While CivicCamp made presentation to Calgary’s city council and even somehow got a grant from the Calgary Foundation, as far as any records go, the group didn’t exist. It wasn’t registered in any way and not a single person’s name was attached to it. No leader, president, treasurer, founder or anything. It was very odd.

Due the group not actually existing, I took it upon myself to register CivicCamp as a non-profit society with myself as the president. Nenshi and his allies in legacy media were outraged. I was called every name in the book and accused of maliciously breaking up a volunteer group. I had to keep asking, “Who are the volunteers?” Who did I take the group from? Give me a name!


They never provided a name of course. I told media, I would hand over the reins of the entire group if they would just tell me who the president of it actually was.

They never did of course because if the people behind the group were named, the list would look a lot like Nenshi’s campaign team. The group faded away under my leadership I am afraid. Nenshi’s allies would rather let it die than admit they ran the group.

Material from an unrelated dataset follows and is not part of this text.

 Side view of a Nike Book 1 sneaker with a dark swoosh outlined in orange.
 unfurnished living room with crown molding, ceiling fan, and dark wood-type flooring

We can expect some groups to suddenly spring up as Nenshi enters provincial politics. I suspect they will be wise enough to register them in some way this time.

Nenshi’s ego and his mouth are his own worst enemies. He will never hesitate to viciously attack rivals and has gotten himself into legal soup multiple times due to it.

The worst was with Calgary philanthropist Cal Wenzel. Nenshi implied that Wenzel was an organized crime figure. That led to Nenshi getting his ass sued and he was eventually forced to apologize to Wenzel, retract his remarks, and pay Wenzel’s legal bills. Taxpayers sat on the legal bill until Nenshi managed to find enough donors to pick it up for him.

Nenshi also went on a bizarre tirade where he lied about sex offenders being placed as Uber drivers while he was riding in a car in Boston. It was recorded and led to fury on the part of Uber of course. Uber didn’t sue Nenshi, but the ride-share company was suddenly fully approved to operate in Calgary after Nenshi had worked hard on behalf of taxi companies to keep them out. I suspect a deal was reached and Nenshi couldn’t afford to lose another lawsuit.

Now, Nenshi is back. He is going provincial.

Look forward to more less than savoury campaign practices, torqued rhetoric, deceptive policy stances and attacks upon opponents from Team Nenshi. That leopard won’t change its spots.

Hopefully, Albertans know what Nenshi is about this time and won’t fall for his empty campaign promises.

Just imagine what he could do with his hands on the provincial leadership. He made enough of a mess as a simple mayor.